Illustration credit: Joost Swarte.
David Rotman’s three-part article series in the MIT Technology Review asks important questions about the effects of software and automation on the economy. Do you think that today’s rapid advances in artificial intelligence and automation foreshadow a future in which robots and software greatly reduce the need for human workers? Are we facing a future with increased disparity and inequality due to the commercialization of technological innovation? Will the rewards of new technologies go largely to the very richest, as has been the trend in recent decades?

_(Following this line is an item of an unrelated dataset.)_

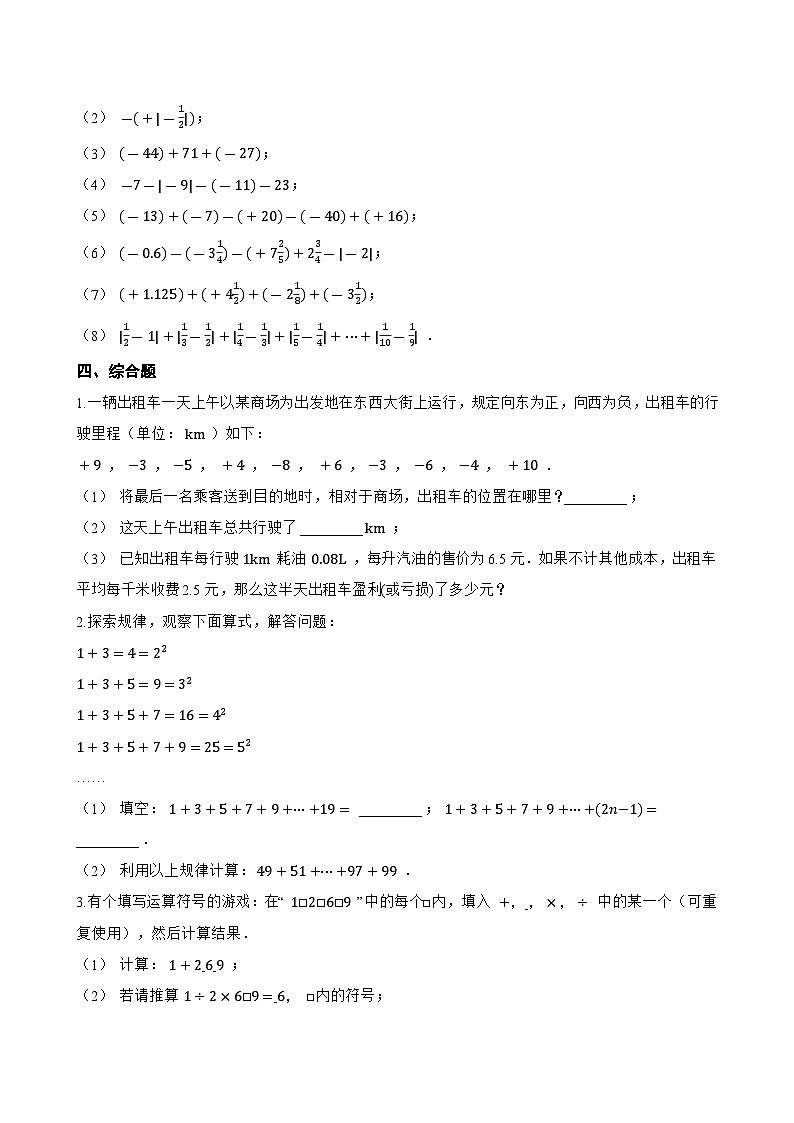 1.6 有理数的减法一课一练数学冀教版（2024）初中七年级上册(无答案)第3页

Part I (June 12, 2013): How Technology Is Destroying Jobs
Part II (Oct 14, 2014): Technology and Inequality
Part III (June 16, 2015): Who Will Own the Robots?
How do you respond to Robert Solow’s claim that, “any decent person should find having extreme poverty coexisting in the same society with extreme wealth immoral” in regards to the increasing gap between the super wealthy and everyone else in our world?
For example, the 2014 Global Wealth Report informs: “a person needs only USD 3,650 to be among the wealthiest half of world citizens. However, more than USD 77,000 is required to be a member of the top 10% of global wealth holders, and USD 798,000 to belong to the top 1%. Taken together, the bottom half of the global population own less than 1% of total wealth. In sharp contrast, the richest decile hold 87% of the world’s wealth, and the top percentile alone account for 48.2% of global assets.”
We need to do better at intelligently managing and sharing our world’s resources. How does income inequality effect economic opportunity and innovation in our world? How do we share the wealth that technology creates? How do we create a technological world without greed? How do we work towards a prosperous technological future with human flourishing for all?